A Step-by-Step Guide to Filing Your First Taxes

Written by Peter Jones

Tax time can be super overwhelming. How can you possibly figure out what you need to do and somehow manage to pull it off without melting into a pile of despair (or committing some kind of inadvertent fraud?). It’s actually fairly simple. Here, we’ll lay out the basic steps so you can file without fear you’re missing something important.

1. Get organized.

This is really half the battle. The IRS is all about documents. Once you receive your W2 from your workplace, or your 1099-MISC if you’ve worked as an independent contractor, be sure to store it somewhere safe and easily accessible. If you get other statements, like savings account interest, student loan interest, or investment income summaries, put those in the same safe place. You might also have a proof of health insurance or records of contributions to an IRA to add to your pile.

2. Determine if you need to file, and and how.

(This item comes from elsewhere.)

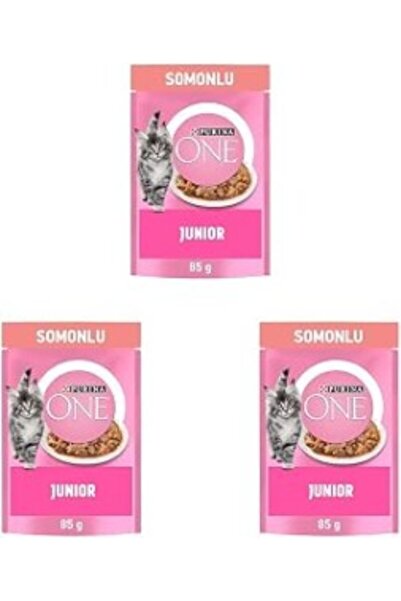 Purina One Somonlu Yavru Kediler için Yaş Kedi Maması 85 Gram (3 paketi)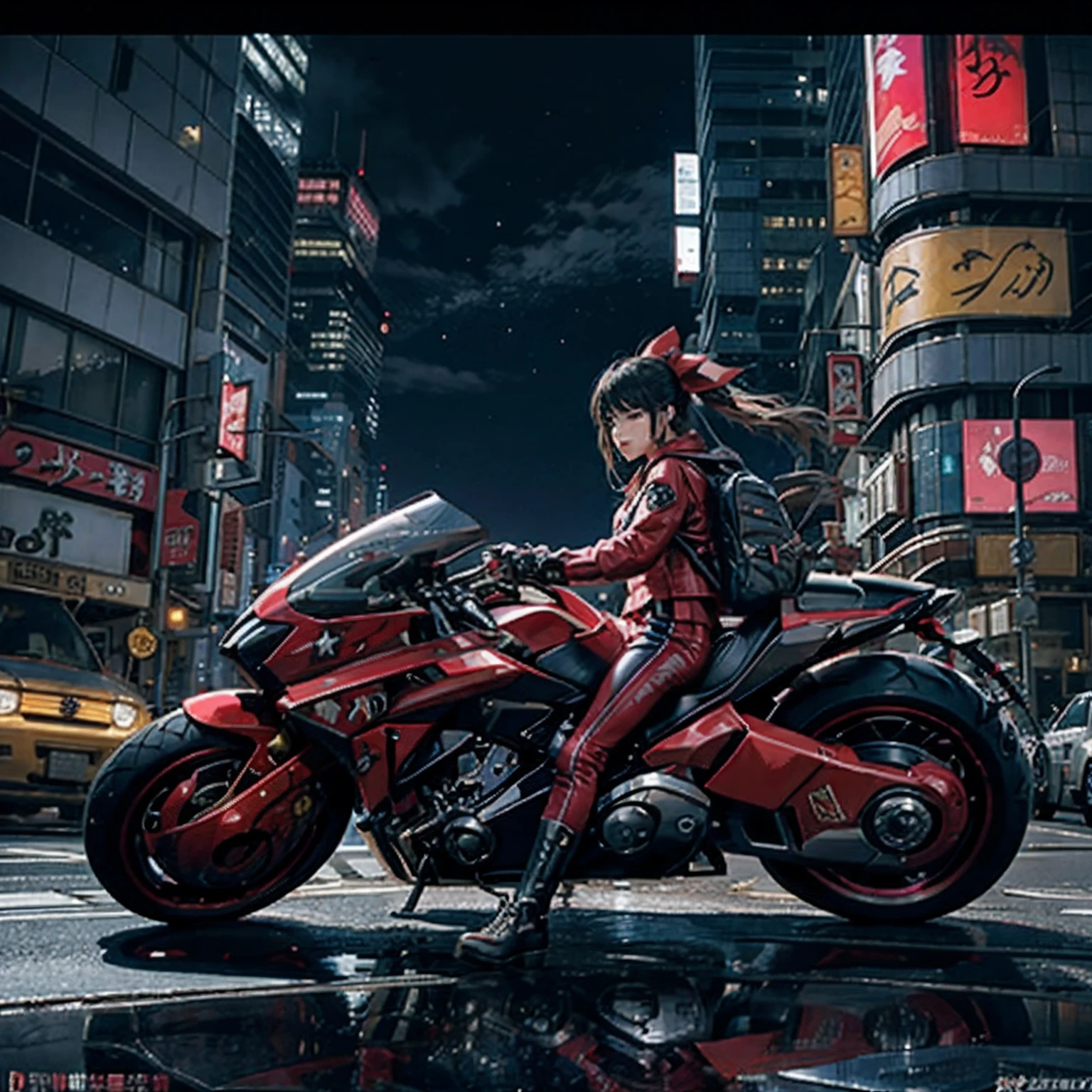offcial art, Unity 8k壁纸, ultra - detailed, Beautiful and beautiful, tmasterpiece, best qualtiy, realisticlying, banya, Blushlush, long whitr hair, whaite hair, Striped hair, red eyes, hair bow, Moles under the eyes, Red Akirabike, riding motorcycles, natta, cyberpunk city landscape, Epic screen, 校服,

If you’re a U.S. citizen and you meet the IRS’s filing requirements for income, then yes, you do need to file. Then you’ll want to figure out what your “filing status” is. Will you be filing jointly with your spouse or separately? Can you count as “head of household?” Are you a dependent on someone else’s return? Can you claim dependents of your own?

3. Ask for help early.

If you’re at all confused with these early stages, get someone to help—a parent, or a mentor, or a professional. They can help you figure out based on your particulars which form you need to file or whether you are eligible to file electronically.

4. Pick a medium.

Decide whether you will carry through on your own—either on paper or electronically, alone or with the aid of a software program or professional. If you made less than $52k last year, you qualify to receive free tax help with the Volunteer Income Tax Assistance (VITA) Program. Check out TaxACT, TurboTax, eSmart Tax, etc. to get a sense of what they can do for you.

5. Deduct expenses.

You’ll have to figure out whether it’s best for you to itemize your deductions or claim the standard deductible. But either way, make sure you don’t leave any stone unturned in this department. Write off state and local sales taxes, student loan interest payments, child care credits, job search expenses, charitable contributions, and things like the Earned Income credit.

6. Get it done.

Don’t procrastinate. It’s best not to rush, so make sure you’ve left yourself plenty of time before April 15 to get this done right.

7. Check your math.

If you did it all on your own, make sure to have someone you trust to look over your tax returns before filing. It may even be possible to have a tax attorney do this for you for free.

Good luck, and we hope for many happy returns in your future!